» Task details
Pictures aside, quote the whole listing exactly.

» Recorded information
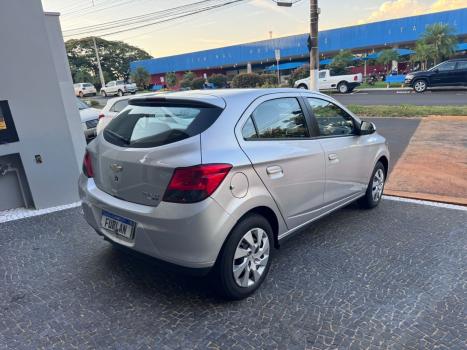 CHEVROLET Onix Hatch 1.4 4P FLEX LT AUTOM�TICO, Foto 3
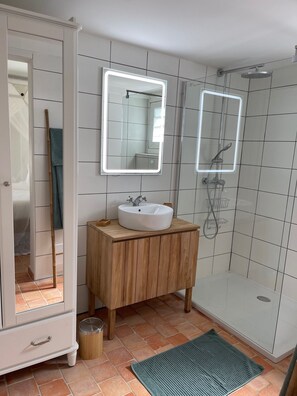 Shower, hair dryer, towels, toilet paper
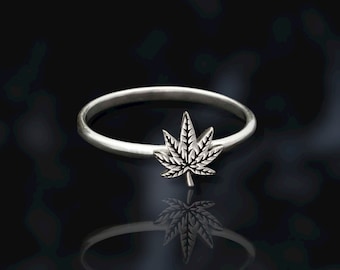 Sterling Silver Pot Leaf Ring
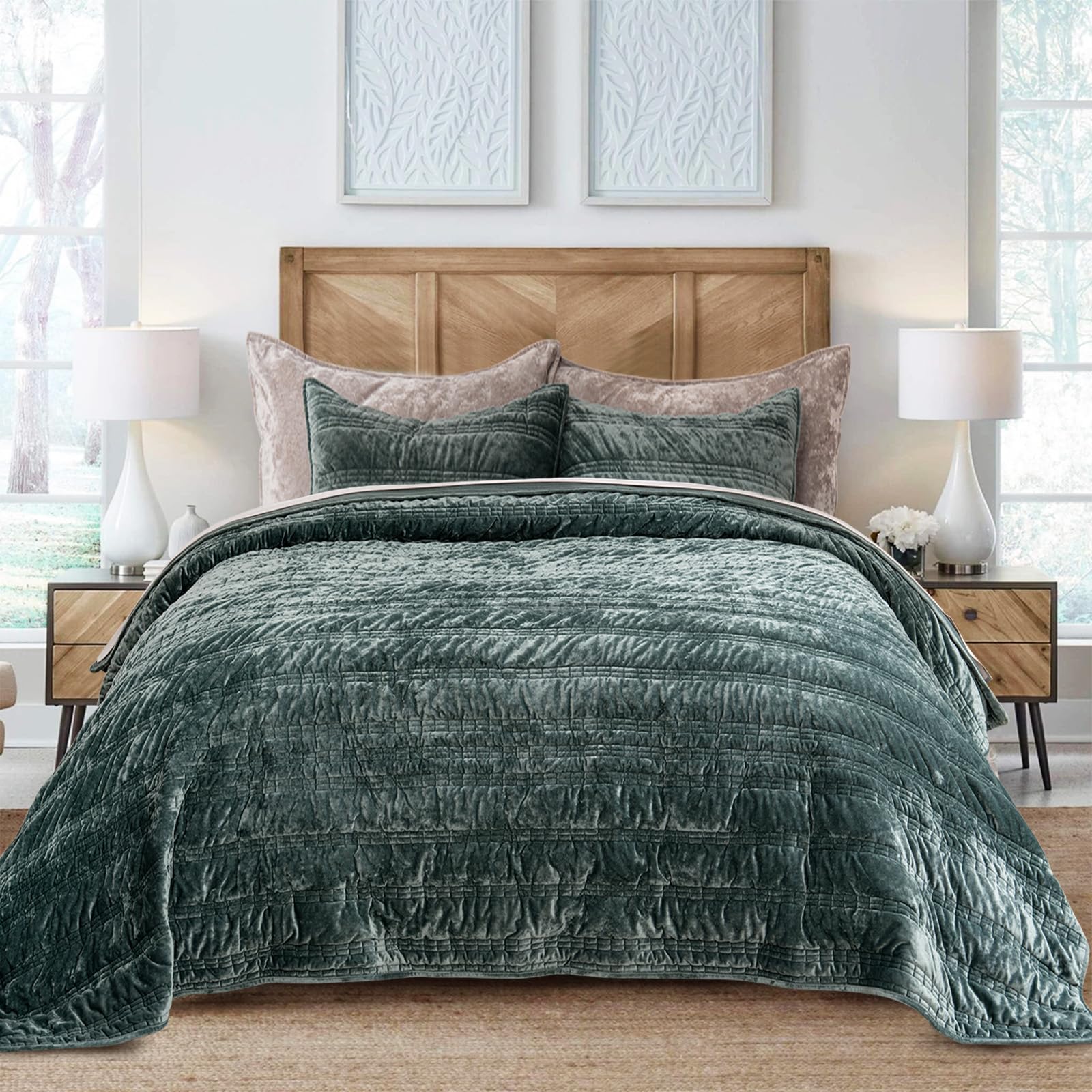 ( incomplete)EVERGRACE Luxury Ruched Velvet Quilt King Size, Ultra Soft Bedspread Coverlet Set, Lightweight Velvet Comforter, Quilted Bedding Cover with 2 Matching Shams for All Season, Dark Green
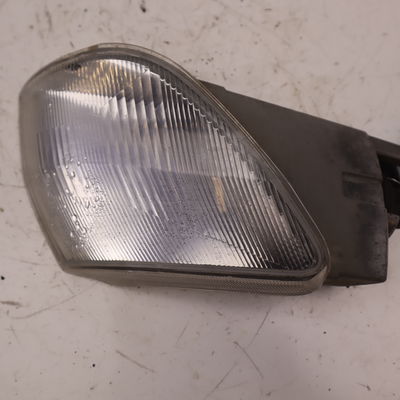 Clignotant droit Peugeot 306 3-5 portes (7A, 7C, N3, N5) 1.4 (1993-2001) 5 portes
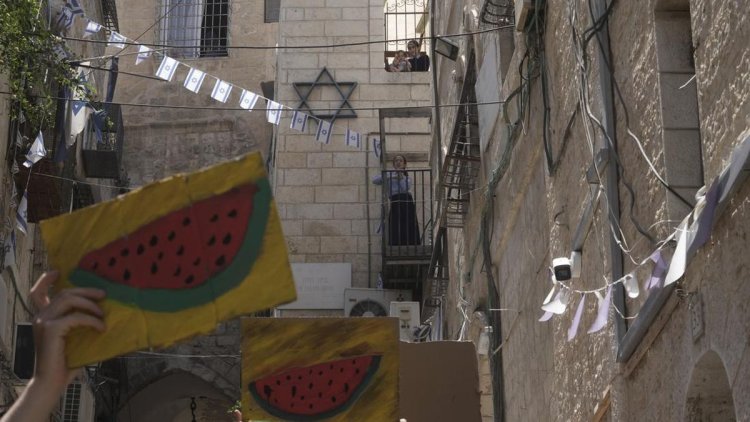 Semangka Sebagai Simbol Dukungan Palestina: Dari Pelarangan Bendera ke Ikona Perlawanan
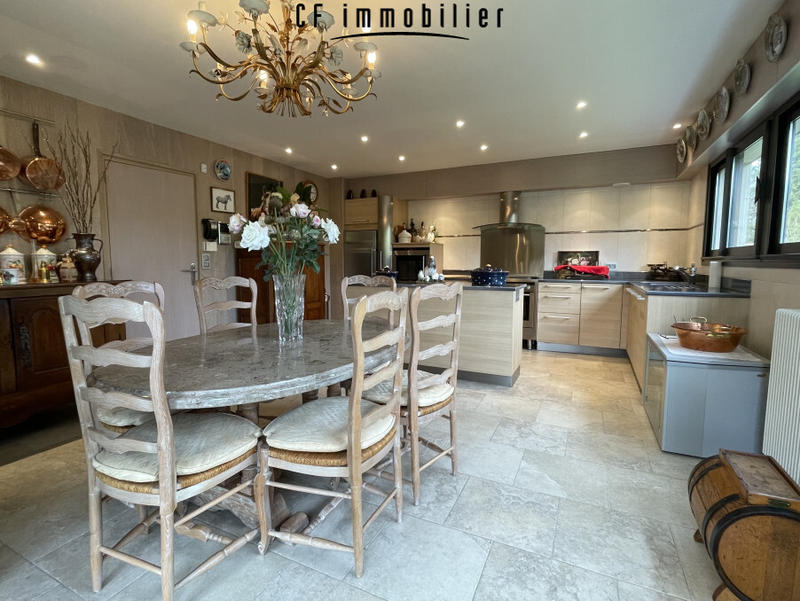 Maison - 455 m² - 9 pièces
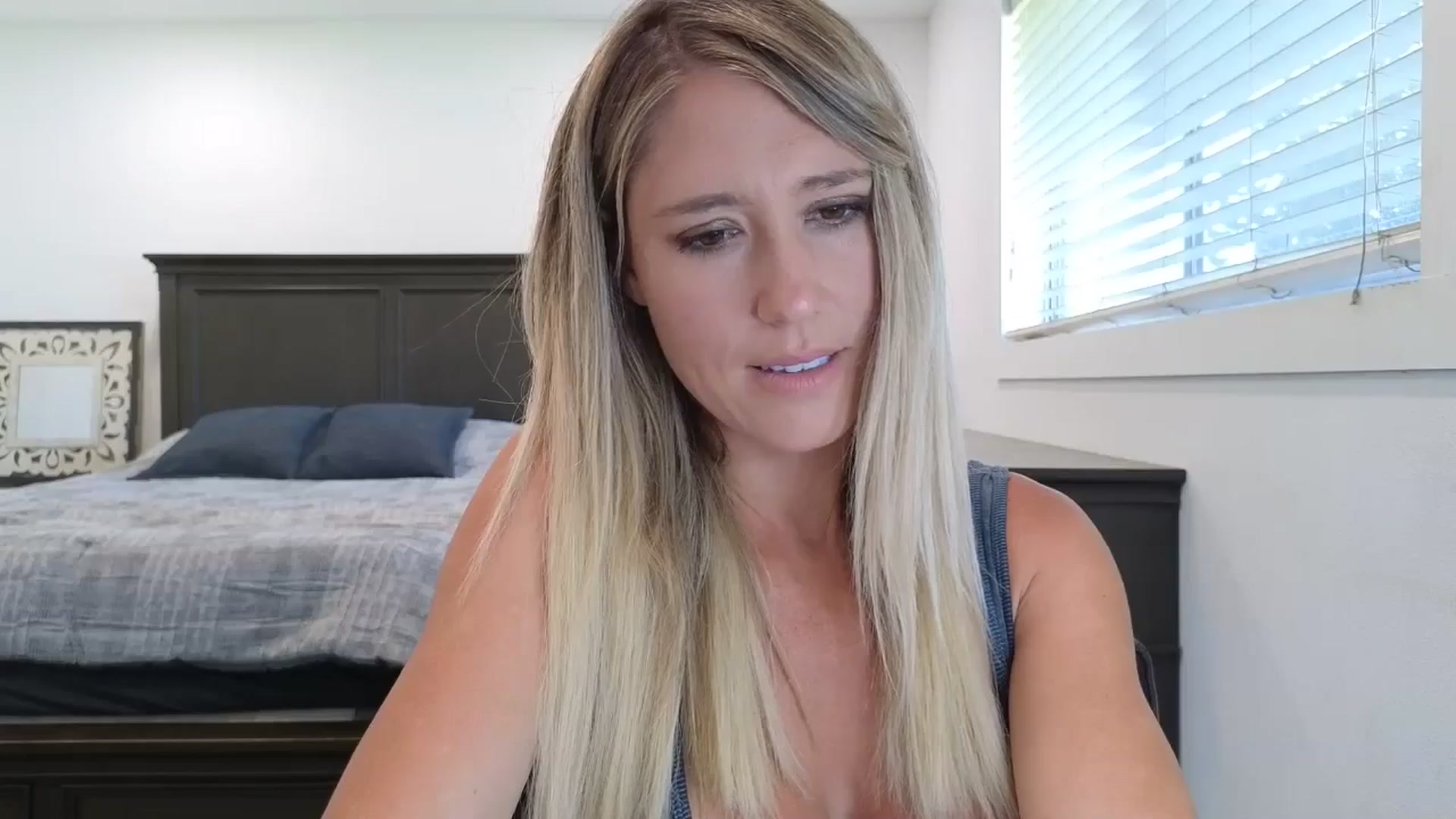 Gallery image thumbnail from blond_milf's myfreecams stream on, 08/25/2025, 22:42 image 5 of 20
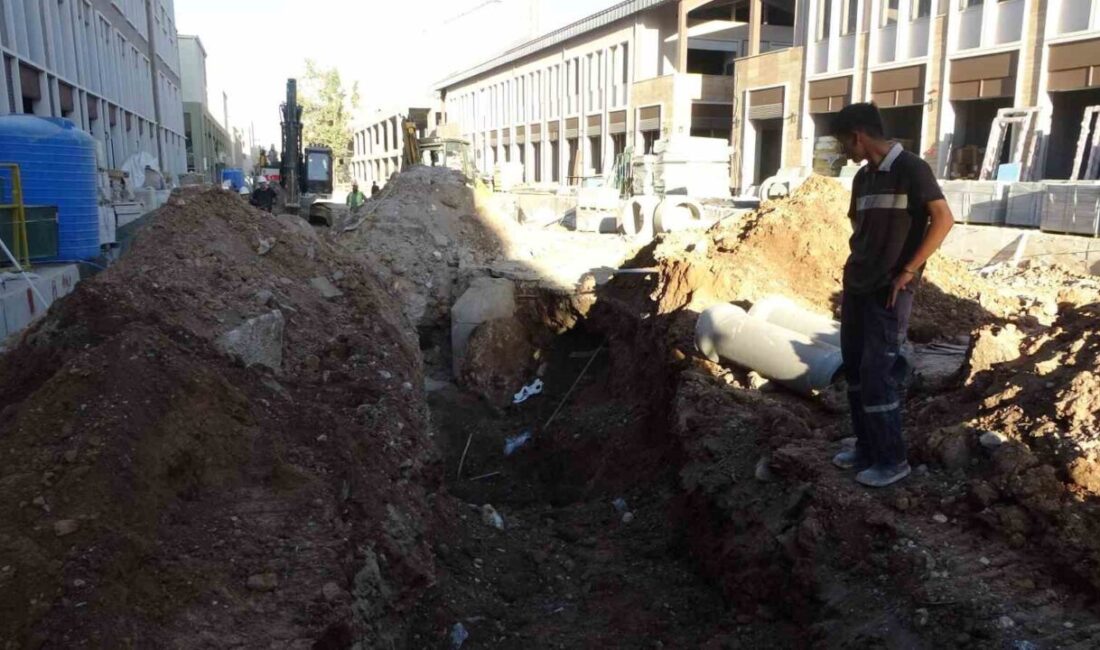 Malatya’da çarşı inşaatında meydana gelen göçüğün altına kalarak yaralanan işçi,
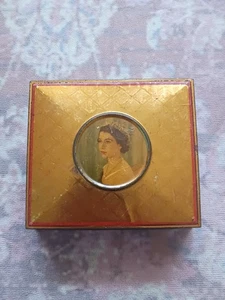 1953 Queen Elizabeth II Coronation Souvenir Buiscit Tin MCVITIE & PRICE LTD - Bild 1 von 17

» Output below
 CHEVROLET Onix Hatch 1.4 4P FLEX LT AUTOM�TICO, Foto 3
 Shower, hair dryer, towels, toilet paper
 Sterling Silver Pot Leaf Ring
 ( incomplete)EVERGRACE Luxury Ruched Velvet Quilt King Size, Ultra Soft Bedspread Coverlet Set, Lightweight Velvet Comforter, Quilted Bedding Cover with 2 Matching Shams for All Season, Dark Green
 Clignotant droit Peugeot 306 3-5 portes (7A, 7C, N3, N5) 1.4 (1993-2001) 5 portes
 Semangka Sebagai Simbol Dukungan Palestina: Dari Pelarangan Bendera ke Ikona Perlawanan
 Maison - 455 m² - 9 pièces
 Gallery image thumbnail from blond_milf's myfreecams stream on, 08/25/2025, 22:42 image 5 of 20
 Malatya’da çarşı inşaatında meydana gelen göçüğün altına kalarak yaralanan işçi,
 1953 Queen Elizabeth II Coronation Souvenir Buiscit Tin MCVITIE & PRICE LTD - Bild 1 von 17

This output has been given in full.